*** INFORMATION SUPPLIED

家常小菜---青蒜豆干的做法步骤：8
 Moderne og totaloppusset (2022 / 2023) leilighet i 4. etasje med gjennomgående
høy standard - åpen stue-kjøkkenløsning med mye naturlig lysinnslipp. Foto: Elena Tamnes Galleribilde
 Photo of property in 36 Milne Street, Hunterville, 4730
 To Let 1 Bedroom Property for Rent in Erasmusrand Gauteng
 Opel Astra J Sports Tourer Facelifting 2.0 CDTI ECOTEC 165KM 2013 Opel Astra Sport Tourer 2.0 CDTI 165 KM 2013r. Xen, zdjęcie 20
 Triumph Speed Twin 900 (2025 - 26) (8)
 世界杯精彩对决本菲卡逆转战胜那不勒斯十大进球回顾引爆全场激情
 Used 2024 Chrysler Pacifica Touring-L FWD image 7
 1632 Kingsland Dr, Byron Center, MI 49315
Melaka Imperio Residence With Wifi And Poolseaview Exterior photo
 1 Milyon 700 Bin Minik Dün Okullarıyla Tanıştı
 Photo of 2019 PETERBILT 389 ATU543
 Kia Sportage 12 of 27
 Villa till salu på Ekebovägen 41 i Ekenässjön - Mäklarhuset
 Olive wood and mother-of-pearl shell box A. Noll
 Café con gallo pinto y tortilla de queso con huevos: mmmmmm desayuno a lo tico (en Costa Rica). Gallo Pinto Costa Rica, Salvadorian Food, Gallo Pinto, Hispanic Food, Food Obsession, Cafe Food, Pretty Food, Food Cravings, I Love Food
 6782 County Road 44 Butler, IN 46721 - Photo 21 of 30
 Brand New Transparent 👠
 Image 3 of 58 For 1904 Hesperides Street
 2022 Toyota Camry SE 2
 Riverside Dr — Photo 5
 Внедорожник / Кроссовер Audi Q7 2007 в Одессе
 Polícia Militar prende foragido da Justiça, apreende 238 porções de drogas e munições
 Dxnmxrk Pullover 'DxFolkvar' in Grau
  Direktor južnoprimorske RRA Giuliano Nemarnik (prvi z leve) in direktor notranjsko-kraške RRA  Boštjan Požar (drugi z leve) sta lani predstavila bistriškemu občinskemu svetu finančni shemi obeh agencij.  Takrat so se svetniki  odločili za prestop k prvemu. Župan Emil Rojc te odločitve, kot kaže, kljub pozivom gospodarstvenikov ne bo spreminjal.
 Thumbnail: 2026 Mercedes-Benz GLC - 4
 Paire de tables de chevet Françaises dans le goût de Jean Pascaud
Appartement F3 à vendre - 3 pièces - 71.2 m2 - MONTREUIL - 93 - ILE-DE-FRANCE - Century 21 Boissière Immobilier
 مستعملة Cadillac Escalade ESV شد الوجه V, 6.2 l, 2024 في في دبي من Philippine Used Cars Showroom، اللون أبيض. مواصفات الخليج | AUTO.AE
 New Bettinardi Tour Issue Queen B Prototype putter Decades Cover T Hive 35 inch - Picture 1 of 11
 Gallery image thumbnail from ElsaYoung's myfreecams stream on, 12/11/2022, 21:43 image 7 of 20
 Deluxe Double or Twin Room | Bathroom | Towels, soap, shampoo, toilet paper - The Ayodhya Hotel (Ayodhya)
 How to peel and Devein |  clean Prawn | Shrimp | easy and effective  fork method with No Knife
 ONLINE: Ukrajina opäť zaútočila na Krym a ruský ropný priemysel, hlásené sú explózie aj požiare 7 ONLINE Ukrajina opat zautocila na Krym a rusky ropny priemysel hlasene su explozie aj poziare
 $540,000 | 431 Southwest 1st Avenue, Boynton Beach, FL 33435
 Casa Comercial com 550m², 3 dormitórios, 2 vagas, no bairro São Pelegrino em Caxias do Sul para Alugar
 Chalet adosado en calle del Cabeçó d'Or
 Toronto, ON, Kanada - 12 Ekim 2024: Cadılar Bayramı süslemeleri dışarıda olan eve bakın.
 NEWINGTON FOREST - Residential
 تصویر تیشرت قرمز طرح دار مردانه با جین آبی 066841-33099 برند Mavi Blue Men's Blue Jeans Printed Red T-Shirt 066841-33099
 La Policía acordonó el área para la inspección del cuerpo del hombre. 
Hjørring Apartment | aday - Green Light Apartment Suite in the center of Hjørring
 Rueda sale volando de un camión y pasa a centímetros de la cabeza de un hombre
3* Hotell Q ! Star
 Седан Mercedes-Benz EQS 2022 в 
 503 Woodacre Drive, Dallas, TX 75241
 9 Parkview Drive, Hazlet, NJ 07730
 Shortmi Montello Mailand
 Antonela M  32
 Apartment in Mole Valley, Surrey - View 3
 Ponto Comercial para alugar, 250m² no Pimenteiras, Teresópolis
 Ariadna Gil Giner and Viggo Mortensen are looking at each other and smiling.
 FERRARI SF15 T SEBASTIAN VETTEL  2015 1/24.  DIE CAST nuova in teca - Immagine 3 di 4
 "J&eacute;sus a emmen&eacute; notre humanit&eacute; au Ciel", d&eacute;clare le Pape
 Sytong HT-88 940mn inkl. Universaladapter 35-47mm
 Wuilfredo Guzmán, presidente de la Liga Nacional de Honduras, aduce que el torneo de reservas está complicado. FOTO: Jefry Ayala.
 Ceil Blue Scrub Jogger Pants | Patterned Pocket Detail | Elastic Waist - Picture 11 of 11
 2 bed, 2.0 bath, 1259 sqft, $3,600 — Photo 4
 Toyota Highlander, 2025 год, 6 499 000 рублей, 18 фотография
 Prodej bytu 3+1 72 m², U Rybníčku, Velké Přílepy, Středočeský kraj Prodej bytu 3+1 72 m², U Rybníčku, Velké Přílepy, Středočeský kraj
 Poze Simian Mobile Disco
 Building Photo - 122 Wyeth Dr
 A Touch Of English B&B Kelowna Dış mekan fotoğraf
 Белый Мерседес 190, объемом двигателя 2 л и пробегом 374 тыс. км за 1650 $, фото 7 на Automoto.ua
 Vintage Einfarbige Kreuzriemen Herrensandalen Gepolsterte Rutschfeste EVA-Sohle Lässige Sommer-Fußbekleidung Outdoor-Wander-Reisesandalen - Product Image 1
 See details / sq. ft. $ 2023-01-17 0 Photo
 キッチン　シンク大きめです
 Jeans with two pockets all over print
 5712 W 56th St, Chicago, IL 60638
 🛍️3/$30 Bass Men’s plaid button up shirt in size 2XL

******

== ACTIVITY ==
In the entries above, one line contains "2 bed, 2.0 bath, 1259 sqft, $3,600 — Photo 4" and another contains "Building Photo - 122 Wyeth Dr". Reproduce exactly those two lines and the lines between them, nothing else.

== TASK RESULT ==
 2 bed, 2.0 bath, 1259 sqft, $3,600 — Photo 4
 Toyota Highlander, 2025 год, 6 499 000 рублей, 18 фотография
 Prodej bytu 3+1 72 m², U Rybníčku, Velké Přílepy, Středočeský kraj Prodej bytu 3+1 72 m², U Rybníčku, Velké Přílepy, Středočeský kraj
 Poze Simian Mobile Disco
 Building Photo - 122 Wyeth Dr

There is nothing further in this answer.